In a fifth aspect, alone or in combination with one or more of the first through fourth aspects, printing content on the label includes printing content on the label using a silk screen operation, printing content on the label using a laser etching operation, or printing content on the label using a color printing operation.

Although FIG. 4 shows example blocks of the method 400, in some implementations, the method 400 may include additional blocks, fewer blocks, different blocks, or differently arranged blocks than those depicted in FIG. 4. In some implementations, the method 400 may include forming an integrated assembly that includes the label support structure 145, any part described herein of the label support structure 145, and/or any part described herein of an integrated assembly that includes the label support structure 145. For example, the method 400 may include forming one or more of the module assembly 110, the substrate 120, and/or the label 135.

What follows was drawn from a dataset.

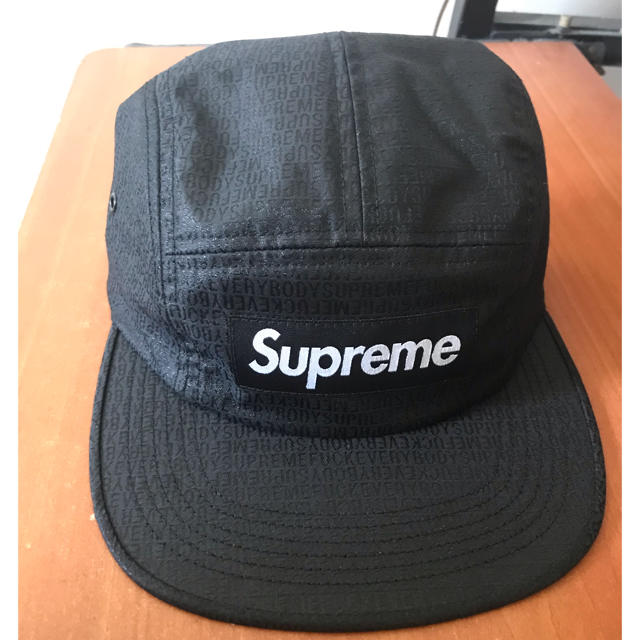 Supreme(シュプリーム)の最安値 supreme cap black 2019s/s 夏にオススメ メンズの帽子(キャップ)の商品写真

FIG. 5 is a flowchart of an example method 500 of forming an integrated assembly or memory device having a label support structure (e.g., the label support structure 145) including a filler material. In some implementations, and as described in greater detail in connection with FIGS. 6A-7D, one or more process blocks of FIG. 5 may be performed by various semiconductor manufacturing equipment.

As shown in FIG. 5, the method 500 may include receiving an integrated assembly (e.g., the substrate 120 populated with the semiconductor packages 125) that includes a label support structure (e.g., the label support structure 145) having an expandable filler material that includes a substantially planar surface (e.g., the top surface 150) (block 510). As further shown in FIG. 5, the method 500 may include placing a label on the substantially planar surface (block 520). As further shown in FIG. 5, the method 500 may include printing content on the label (block 530).

The method 500 may include additional aspects, such as any single aspect or any combination of aspects described below and/or in connection with one or more other methods described elsewhere herein.

Although FIG. 5 shows example blocks of the method 500, in some implementations, the method 500 may include additional blocks, fewer blocks, different blocks, or differently arranged blocks than those depicted in FIG. 5. In some implementations, the method 300 may include forming an integrated assembly that includes the label support structure 145, any part described herein of the label support structure 145, and/or any part described herein of an integrated assembly that includes the label support structure 145. For example, the method 500 may include forming one or more of the module assembly 110, the substrate 120, and/or the label 135.

FIGS. 6A-6E are diagrammatic views showing formation of an integrated assembly (e.g., the module assembly 110) having a label support structure (e.g., the label support structure 145) including a filler material at example process stages of an example process 600 of forming the integrated assembly.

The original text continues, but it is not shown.